2008年暮れから2009年初めはこの "ONE OUTS" のコミックス収集に費やした。
何しろ入手しにくかった。
今現在はどうかわからないが、当時、書店で問い合わせてもらったところ版元にも在庫なしと言われ、コミックス専門の大型書店でさえも全巻揃っていなかったため、書店で見つけるたびに、とびとびの巻でもとりあえず買うというのを繰り返して、ようやく全20巻まで入手した。
ネットオークションでは(当時)中古にもかかわらず定価かそれ以上の価格で取引されていた。
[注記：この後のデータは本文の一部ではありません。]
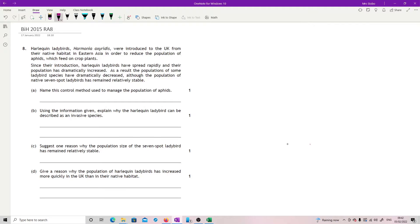Question 8. Harlequin ladybirds were introduced to the UK from their native habitat in eastern Asia in order to reduce the population of aphids which feed on crop plants.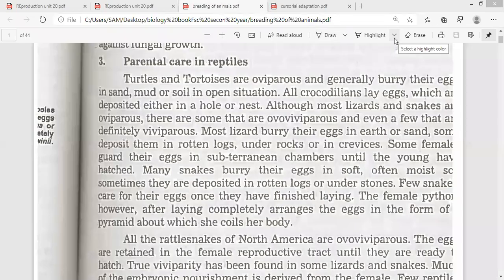As-salamu alaykum students, how are you all? As we have discussed in the previous topic, parental care is actually the care of young ones and it is the protection of the eggs and the young ones, as well as the female, from enemies or from any hazard. We have discussed up to parental care in case of amphibians. Now today the topic is parental care in reptiles. The care of eggs and young ones by the parents from enemies and from many unfavorable circumstances is called parental care.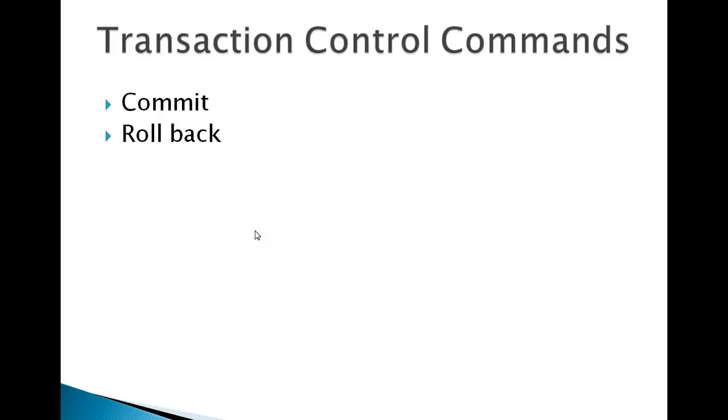We have covered create, alter, and update. You have also seen DML commands like insert, update, delete, and select query. Transaction control commands is another type of command under SQL.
この "ONE OUTS"、1998年から2006年まで連載(20巻収録分は2008年末頃)されていたもので、今になって品薄になった原因はわからないが、おそらくは2008年秋〜年末にかけて放送されたアニメの影響なのではないかと思う。
かく言う私もアニメを見て衝撃を受け、コミックスを読んだクチだ。
さて、本題。"ONE OUTS"は野球マンガだ。
野球マンガといっても、所謂熱血ものではない。作者いわく「あらゆる野球漫画のアンチテーゼ」「野球版アカギ」なのだそうだ。
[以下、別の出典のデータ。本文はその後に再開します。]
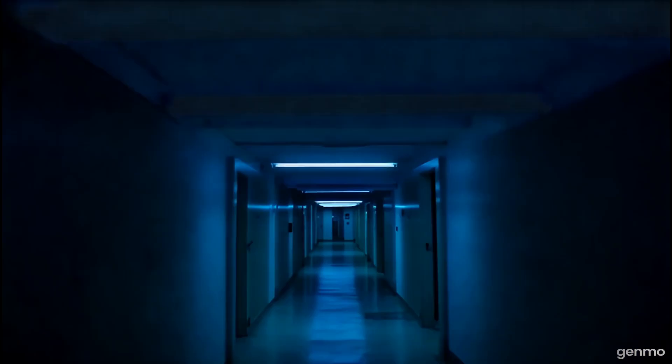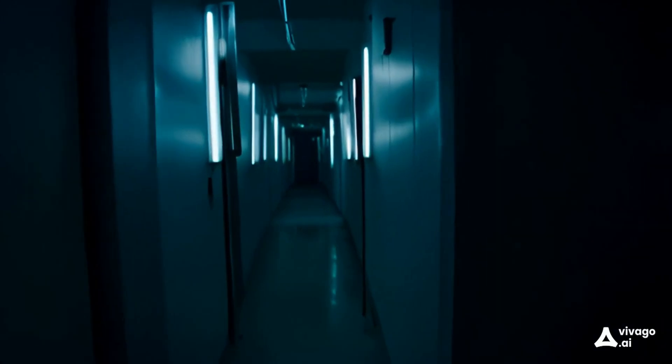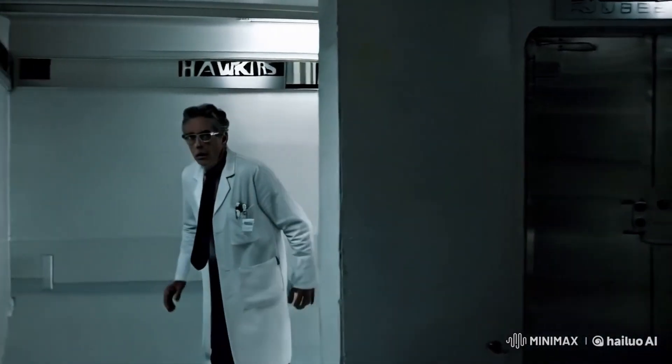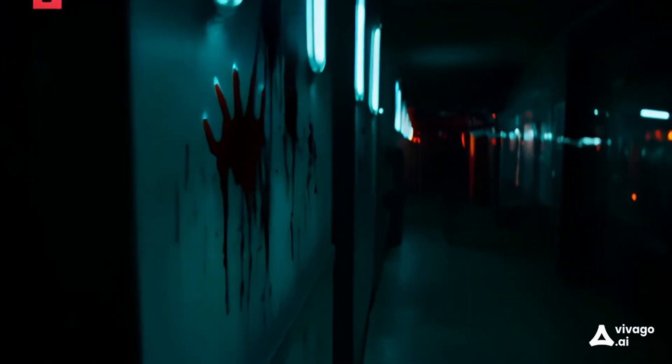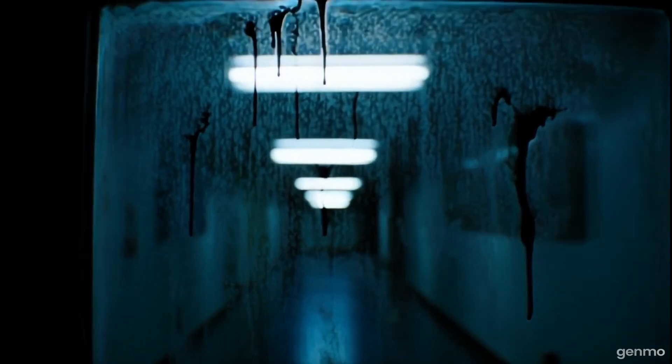All personnel must evacuate. Repeat, all personnel must evacuate.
常にひとを食ったような態度の主人公渡久地は、ひいき目に見ても万人に好かれるヒーローではない。
だが、そんなアンチヒーロー渡久地がプロ野球の”常識”をかきまわす様は、実に実に痛快だ。
前半のリカオンズオーナーとのワンナウツ契約、後半のガラリアンズオーナー(どこかの誰かに酷似しすぎていて大丈夫かと心配になった)との駆け引き、そしてペナントレースの行方。
主人公が勝つとわかっていてもドキドキワクワクする少年マンガ同様、渡久地が出し抜くとわかっていても、その斬新すぎる発想と考え抜かれた緻密なプロットで、ドキドキし、ハラハラし、そして快哉を叫ぶ。
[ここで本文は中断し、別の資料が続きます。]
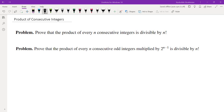Hello, in this video we're going to go over these two problems. The first problem is: prove that the product of every n consecutive integers is divisible by n factorial. The second problem is: prove that the product of every n consecutive odd integers multiplied by 2 to the power of n minus 1 is divisible by n factorial. You may want to pause the video, think about the problems, and come back when you are ready. I'll provide two solutions for the first problem, and one solution for the second problem.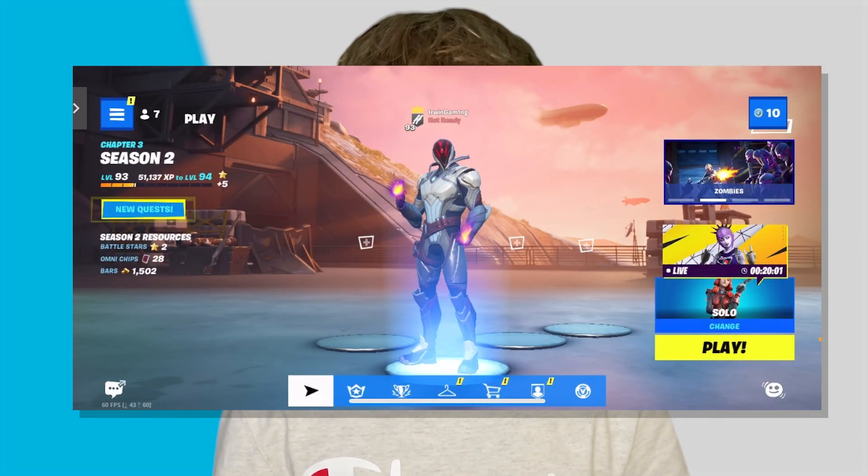Yo, what's up guys? Erwin Tech here back at it again with another video, and today I'm going to be showing you how to play Fortnite on your iPhone after it was banned.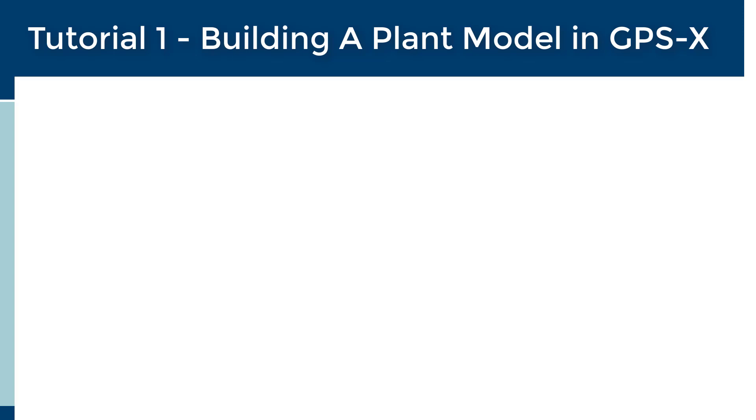Welcome to Tutorial 1, Building a Plant Model in GPSX. If users prefer written instructions, the corresponding GPSX tutorial manual can be found in the GPSX Help menu.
そして、渡久地のまわりの選手たち、チームメイトだけでなくリーグの他チームの面々も渡久地に振り回されながらも、彼ら自身が変わっていくさまも非常に好もしい。
これまでいくつか野球マンガを読んできたが、どれも心が熱くなるような青春ドラマで、とくに高校野球マンガには何度涙したことかしれない。
この"ONE OUTS"は、そんな青春・涙なんて要素はない。あるのは、駆け引き、賭け、勝負。
アウトローな主人公に、アンチテーゼ、などと正統派でないイメージであるにもかかわらず、本質的にはどの正統派青春マンガよりもまっすぐで誠実なのではないかとも思える。
選手ひとりひとりの野球に対する何とも真摯な思いに心打たれるのは私だけではないはずだ。
ところで最終巻で、オールスター戦で渡久地やってのけたことがつい最近プロ野球でも似たようなことがあって思わずニヤリ。まぁもちろん渡久地のように狙ってやったんじゃないだろうが。
さらに蛇足。私は河中投手が好きだ。あの完璧主義とツンデレ的面構え。
ちなみに同じような理由で、ルックスも似ているダイヤのAの降谷も好きだ。